More? What do you mean more? I can’t afford to lose money on every job!
No, I’m not saying you should not charge for products or time, but there are some things you can do to add value for your customer that don’t cost you. Let’s look at some examples:
#1 Clean Up After Yourself
You may think it’s a given that service business crews and contractors clean up after themselves, but truthfully, it’s not. Simply by taking precautions to make sure your customer’s property and home stay clean throughout and that you leave no traces behind is a great way to add value without cutting into profits. It may take a little more time to put down drop cloths or vacuum up after a job, but it’s not going to take up your whole day. Just include a little buffer for cleanup in your appointment windows.

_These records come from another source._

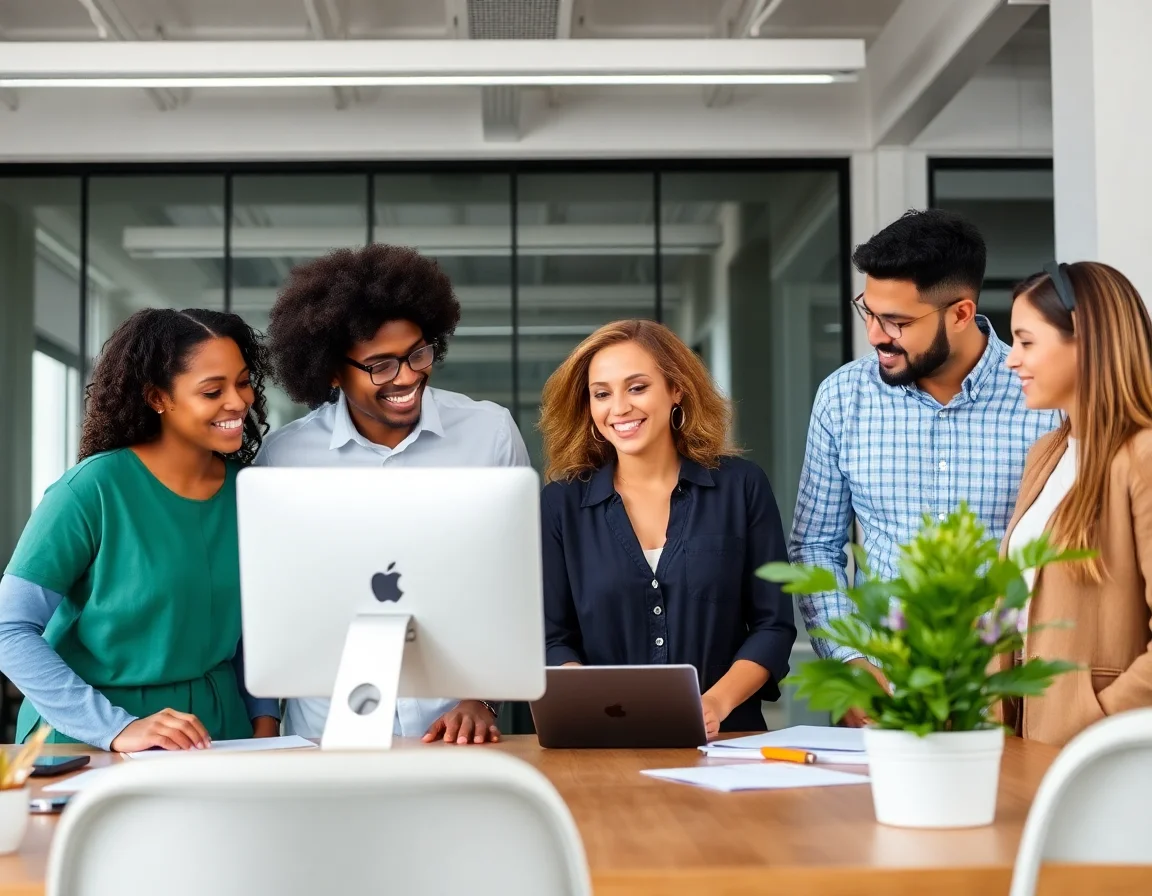 A diverse team of entrepreneurs collaborating in a modern office setting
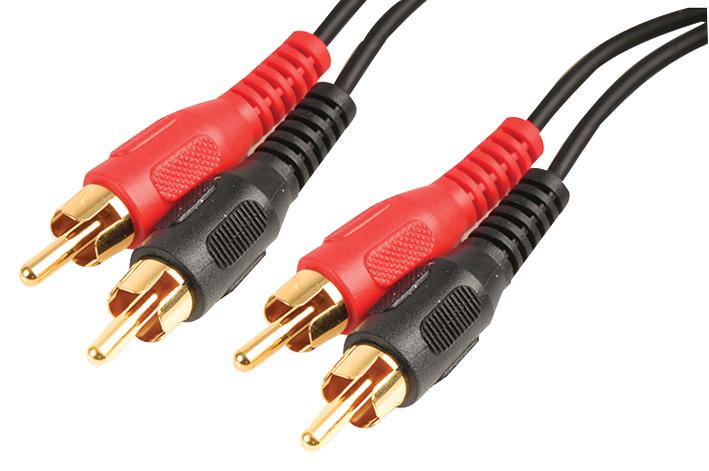 PSG00234 2X PHONO TO 2X PHONO PLUGS-2M/GOLD PRO SIGNAL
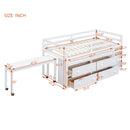 Loft Bed With Retractable Writing Desk And 4 Drawers, With Lateral Portable Desk And Shelves by HouseOfZazla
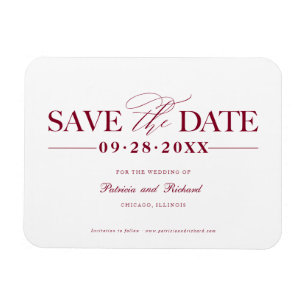 Magnet Flexible Simple Mariage Élégant Enregistrer La Date Non Pho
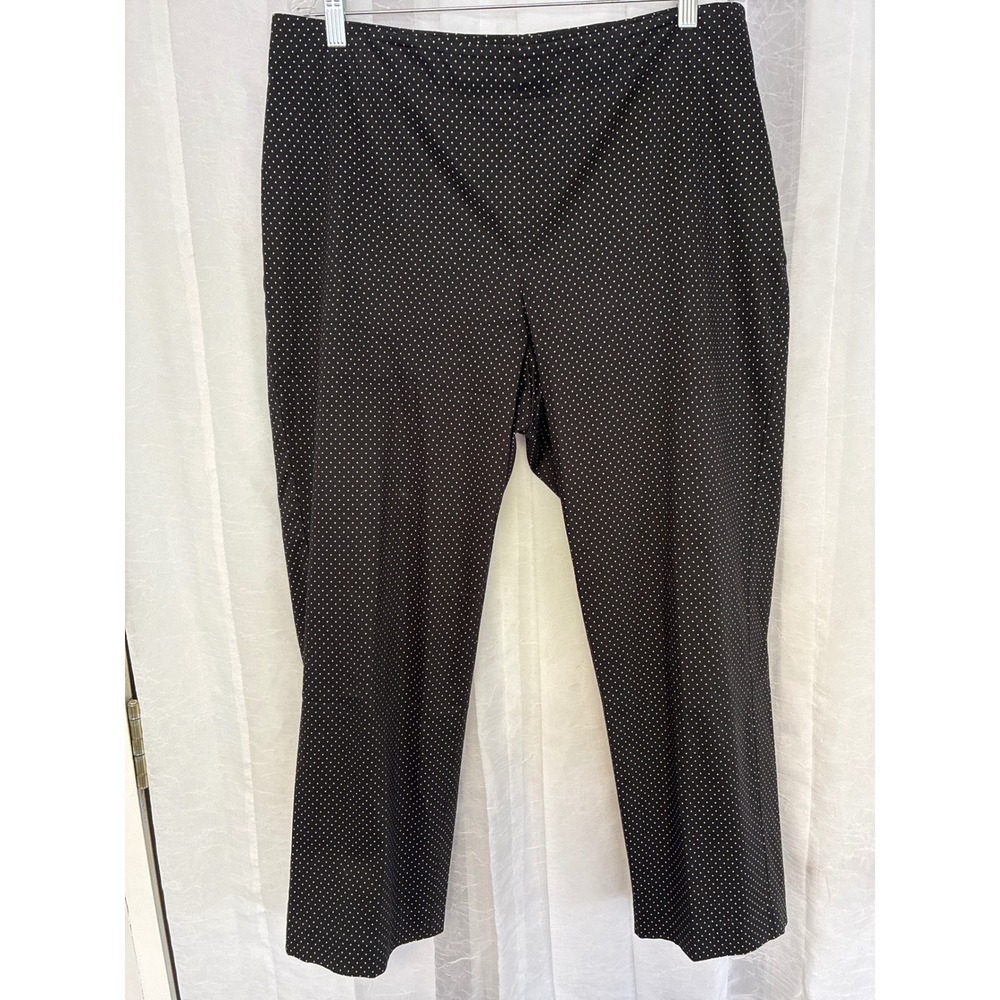 Talbots Womens‎ Black White Polka Dot Side Zip Straight Leg Pants Size 14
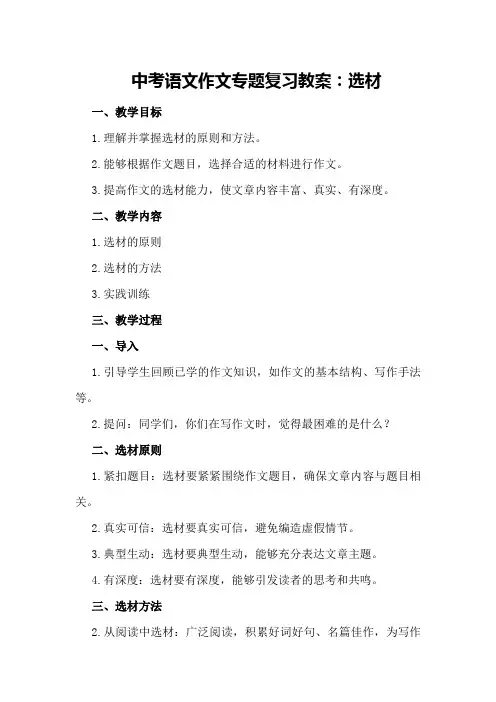 中考语文作文专题复习教案：选材
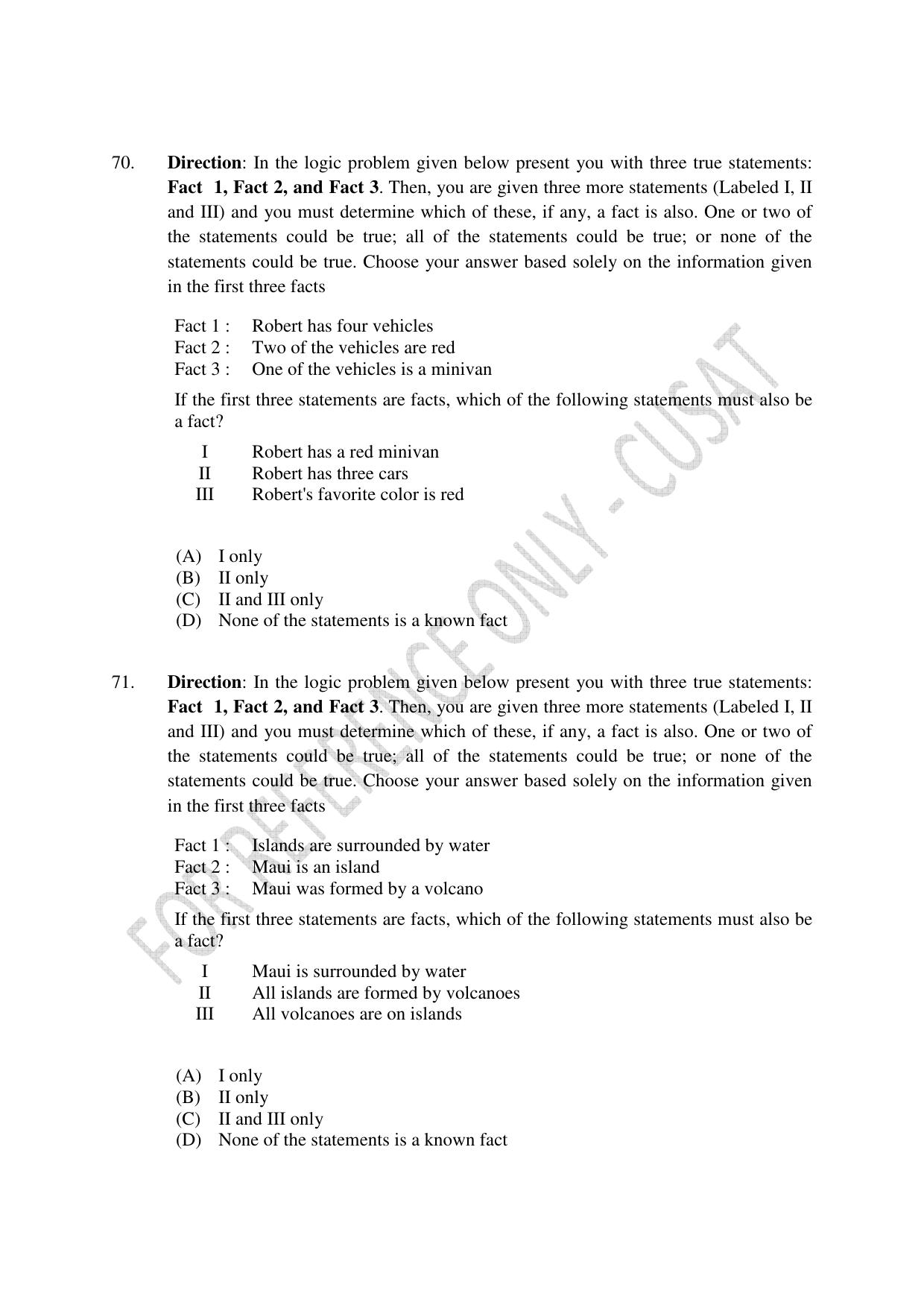 CUSAT CAT 2023 5 YEAR LLB Question Paper - Page 15
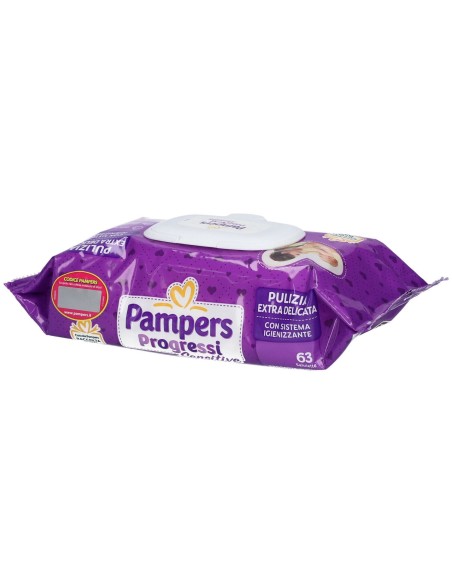 PAMPERS PROGRESSI SALVIETTE SENSITIVE ALOE RICARICA 63 PEZZI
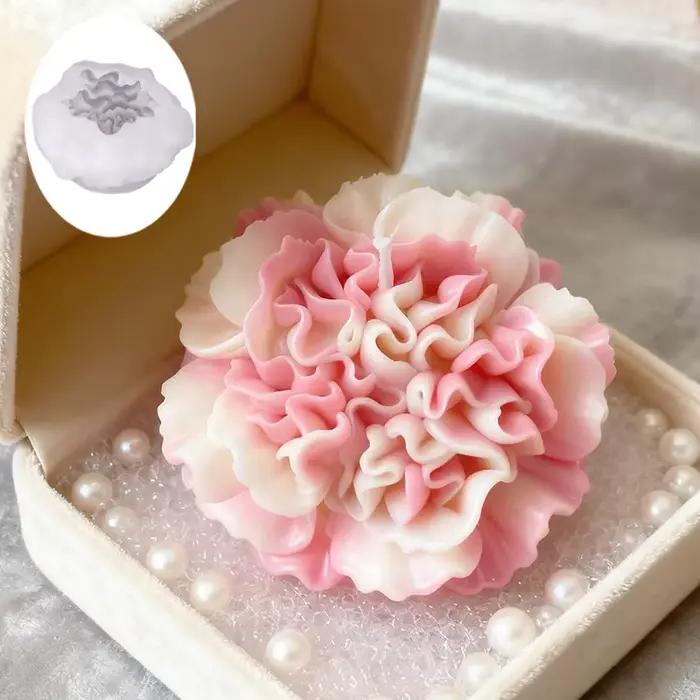 Moule à bougie en forme de carnation avec des pétales 3D incroyablement réalistes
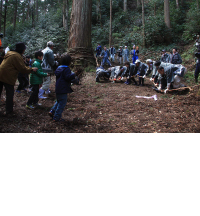 カズラを巻きつける「帯締め」の様子が収められた布施の山祭りの写真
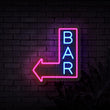 Neon Bar Arrow Sign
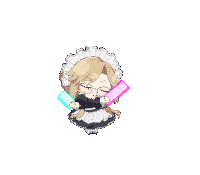 a girl in a maid costume is holding a lightning bolt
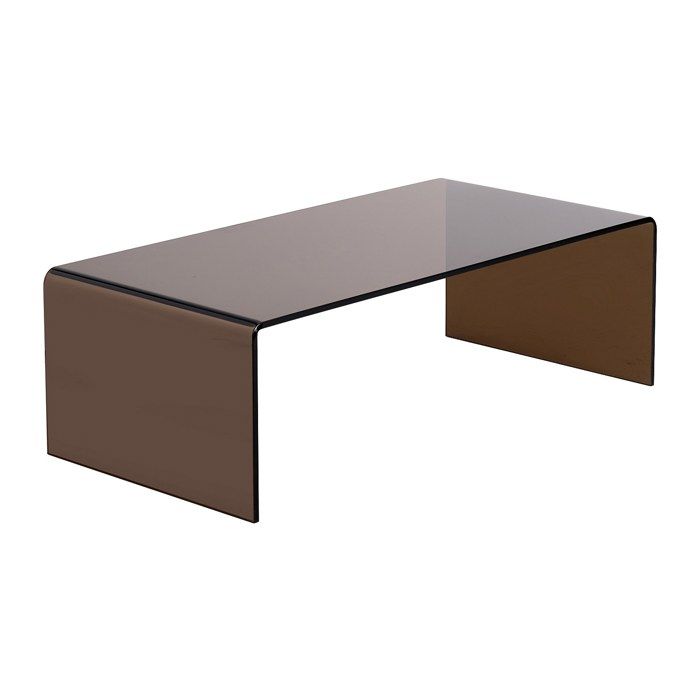 Table basse en verre trempé courbé - Brun - ALONZO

#2 Offer To Move Furniture
If you’re a house painter, a flooring guy, or you perform some other home service that may require the moving around of furniture, offer to do it for the customer if you’re physically capable of doing so. This can be an especially valuable service for the elderly and is just one way to make the job less stressful and less of a hassle for your customer.
#3 Go Ahead & Do Small Add-On Services That Don’t Take Much Time
Did your customer mention needing or wanting a small service performed sometime in the future? Offer to do it while you’re already there and have the products needed. If you’re a painter, this can be offering to go ahead and touch up baseboards while you’re in the home. If you’re a chimney sweep, this can be offering to go ahead and fix a damper that’s missing a pin. Offer to change out a light bulb that’s burned out or swap out an air filter. If you’re open minded and listen to your customer, you’ll likely find it easy to identify small ways you can add value and provide additional services without breaking the bank or wasting a lot of valuable time.
#4 Educate Your Customer
One thing you may take for granted as a service professional is your knowledge. You have years of experience and education in a field that most people know nothing about — sharing some of that knowledge can add value to your customer’s life. If you’re a chimney sweep, this may be educating your customer on the best tips for seasoning your wood or getting your fire started. If you’re a house painter, this may be letting your customer know that wiping down a painted wall (especially if it’s a darker color) can leave streaks if a wipeable paint is not used. If keeping their kids’ fingerprints off of their walls is something that’s important to them, recommend a paint product that’s made to be wiped down or washed. These small tips and suggestions can lead to happier customers, and all it takes is a little attention, listening, and sharing.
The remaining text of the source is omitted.